In the early 1990s, mainland Chinese representatives had a rapprochement that culminated in a summit in Hong Kong in 1992 in which, according to Beijing and pro-Taiwan reunification parties, there was a “one China” agreement. That is to say: both recognized that it was a single country that should be reunited. However, they disagreed on the scope and who is the legitimate authority.
Under this “One China” policy, the United States acknowledges China’s claim that Taiwan is part of that country, but has never officially admitted the claim to the island of 23 million people.
“Strategic Ambiguity”: The US Approach
The United States, then, has long been in a position of “strategic ambiguity” about how it would respond to an invasion of Taiwan. Why?
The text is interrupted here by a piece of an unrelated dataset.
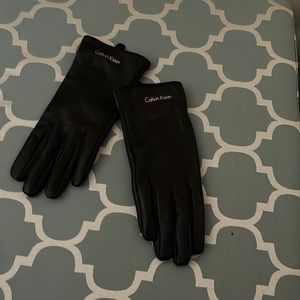 Black Calvin Klein gloves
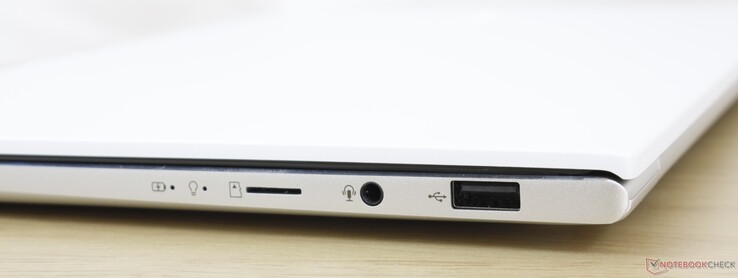 Höger: MicroSD-läsare, 3.5 mm kombinerad ljudanslutning, USB-A 2.0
This is how CNN’s Stephen Collinson explains it: “This is intended to keep a check on the confrontation by deterring China by keeping open the possibility of a US military response. At the same time, it is intended to deprive Taiwan of US guarantees that could lead it to push for official independence.” objective is to preserve the status quo and avoiding a war in Asia, and it has worked, allowing Washington to walk a tightrope in relations with both sides.
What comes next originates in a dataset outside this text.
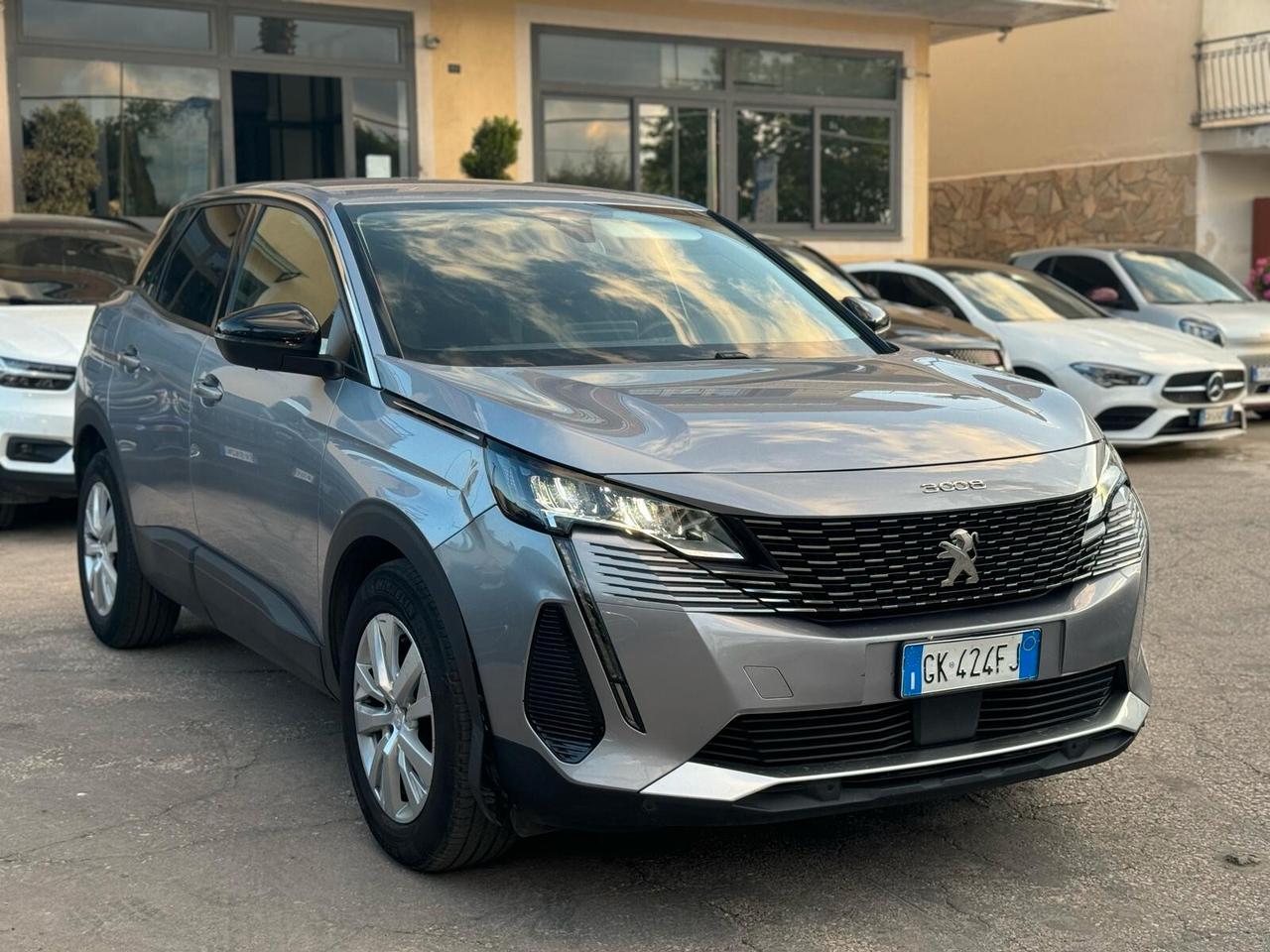 Peugeot 3008 130cv ALLURE CAMBIO AUTOMATICO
Biden’s protection promises (and clarifications from the White House)
Since Biden took office, the United States’ link with the island has been marked by his public statements assuring that he is willing to respond “militarily” if China attacks Taiwan. “That is the commitment we made,” he said when asked by journalists in Tokyo about it.
“We support the One China policy, we support everything we have done in the past, but that does not mean that China has the ability, the jurisdiction to enter and use force to take over Taiwan,” said the president, who also compared the situation with Russia’s invasion of Ukraine.
That was the third time the president made comments of the kind. And also the third time that the White House had to come out to clarify that there was no change in policy.
Meanwhile, the United States does provide Taiwan with defensive weapons so that it can defend itself against a possible invasion.
Taiwan, a powerful economic actor that the US does not ignore
The United States does not have formal diplomatic relations with Taiwan, but it does have close informal ties and open rapprochement on economic matters.
Taiwan, one of the world leaders in the semiconductor industry, plays a key role in the supply chain.
In May, Biden presented the Indo-Pacific Economic Framework (IPEF, for its acronym in English), a plan to strengthen ties with the region that has a commercial leg and also seeks to make supply chains more resilient, fight corruption and promote clean energy.
Taiwan had expressed its desire to participate in this framework that brings together 13 countries but was excluded, probably due to the desire of some actors not to intensify tensions with China.
Just a week after announcing the IPEF, Taiwan and the United States made their own trade initiative official, the US-Taiwan Initiative for 21st Century Tradenegotiations that could represent the first step towards the signing of a free trade agreement according to the trade representative of the island John Deng.
Nancy Pelosi, the protagonist of the most recent chapter
The president of the House of Representatives of the United States, Nancy Pelosi, intends to travel to Taipei, a news that has led China to threaten “decisive and forceful” actions.
There is a history: in 1997 the then president of the House of Representatives Newt Gingrich he met with the island’s first democratically elected president in Taipei just a few days after traveling to Beijing and Shanghai.
At the time, China’s rhetoric was disapproving, but it remained words. Now Beijing is warning that it too will respond with action. The outcome is not yet known, but the opinion of the United States Army is. As Biden told reporters about the military’s stance, the trip “is not a good idea right now.”
With information from Germán Padinger, Eric Cheung, Wayne Chang, Nikki Carvajal, Kevin Liptak, Donald Judd, Brad Lendon, Ivan Watson, Stephen Collinson and CNN’s Nectar Gan.